JDA Approves $10M bond issue for project
Jun 3, 2021, by Jill Helton, Tribune and Georgian.
Cumberland Inlet, a proposed mixed use development on the former paper mill site in St. Marys, saw some major progress this week with the approval of a $10 million bond issue by the Camden County Joint Development Authority(JDA).
The developer — Jacoby Development Inc. (JDI) — will be required to pay the county back for the use of those funds, but JDA members expect that to be a relatively small portion of what they receive in return.
“When the Cumberland Inlet project is completed, the JDA investment is expected to result in a $500 million venture that began with the seed money of a publicly issued JDA $10 million bond,” said board chair Tanya Glazebook, adding this would the largest-ever private sector investment in county history. She said JDA board members had some “candid and diffi cult discussion in executive session” leading up to the public vote, whicwas unanimous.
The bond will facilitate the purchase of the 700-acre property by JDI, which has been in talks with the Camden representatives for the past two years. JDA and JDI signed an agreement last year in which the JDA stipulated nine conditions that had to be met by the developer before the JDA would issue the bond.
“JDA wanted a level of assurance that the developer could repay the bond. All successful public/private partnerships require financial investment that the developer could repay the bond. The last two closing conditions were met last week clearing the way for the board vote today,” Glazebrook said.

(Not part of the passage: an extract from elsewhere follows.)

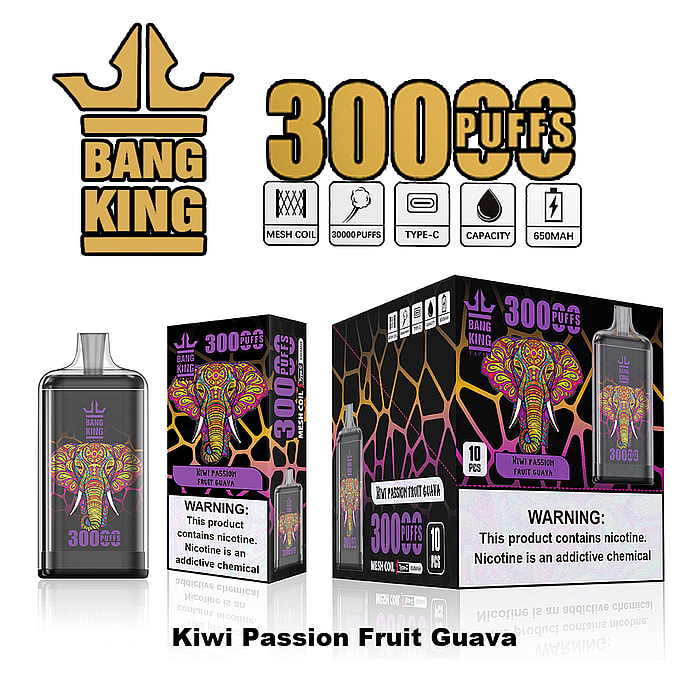 Bang King Crystal 30 000 bouffées (30 000 bouffées) Vape jetable en gros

She also thanked executive director James Coughlin and his staff, as well as former board chair Jeff Barker, for their tireless work over the last two years bringing the project to this point.
The JDA worked for years to recruit developers that had a reputation for breakthrough projects and experience with Brownfields sites. “Among those developers, one stood out as having a vision, the experience and sensitivity to local concerns that would enhance the success ratio. Convincing James Jacoby to take another look at the property he was once interested in, JDA staff worked closely with Jacoby and potential sub developers to move the project forward,” Glazebrook said, reading from a prepared statement. “The COVID impact slowed the process but not the enthusiasm of the interest. It became clear Jacoby had a passion for the potential of Cumberland Inlet.”

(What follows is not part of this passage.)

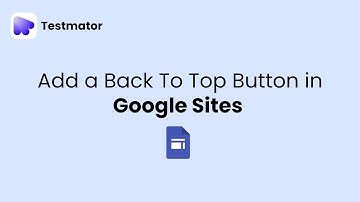 Add Back to top Button in your Google Sites !!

It has been almost two decades that the waterfront property has been dormant. Although the buildout will take several more years, JDI has shared some of their plans for the property, which include digging a lagoon and constructing a full-service marina to accommodate larger yachts and boats.

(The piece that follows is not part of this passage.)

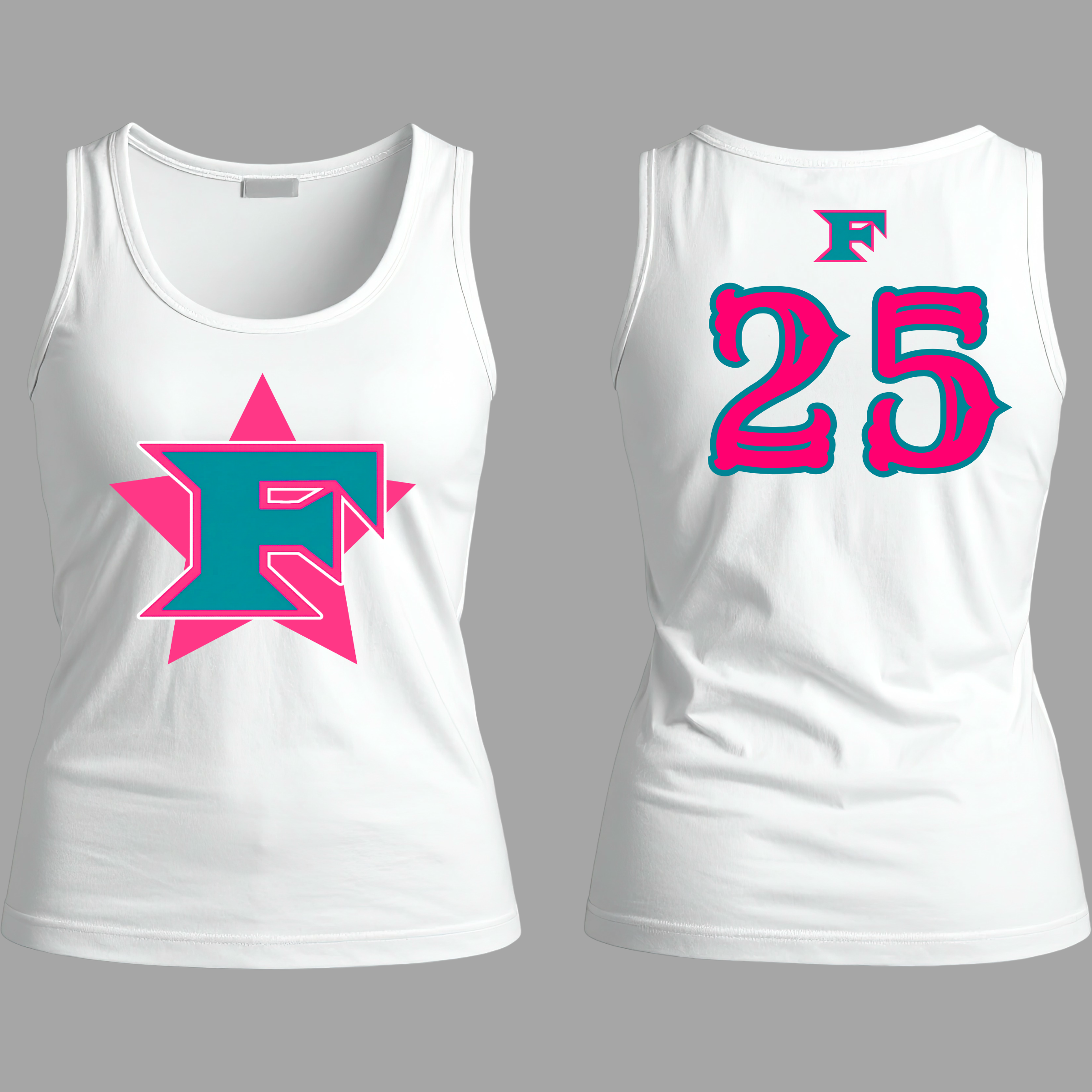 Five Star F Logo on Star Tank Top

During a JDA meeting a year ago, Jacoby representative John Loudon said they had already gotten some private companies on board to work on the marina portion of the property. Adjacent to the marina will be “dry stacks” for boat storage. Also farther along the riverfront site will be multi-use property (condos, apartments for over 55, military and vacation rentals) and some commercial space. Those areas will be buffered with recreational, park and greenspace areas, including the large elevated hill overlooking the North River.
The plans call for a “flex marina” farther back into the river, which could also include such amenities as arestaurant and kayak launch, Loudon said.
One of the best-kept secrets about the mill property is that it includes a worldclass rookery that is teeming with waterfowl and all sorts of native and migratory wildlife throughout the year. Loudon said that area holds loads of potential as an eco-tourism attraction.
With the lowest impact camping located nearest to the rookery, the site could include everything from primitive camping with tents to luxury RV and motor coach camping, he added.
The site is so massive that many areas have simply been earmarked for future development or recreational space. Developers envision Cumberland Inlet will be a destination maximizing on the natural attributes of the Intracoastal Waterway while also filling some gaps in the local residential market.
“This plan won’t happen all at one time. It will be phased in to help us adjust to the marketing,” Loudon said. “We tried to make our project as flexible as possible so we can keep moving.”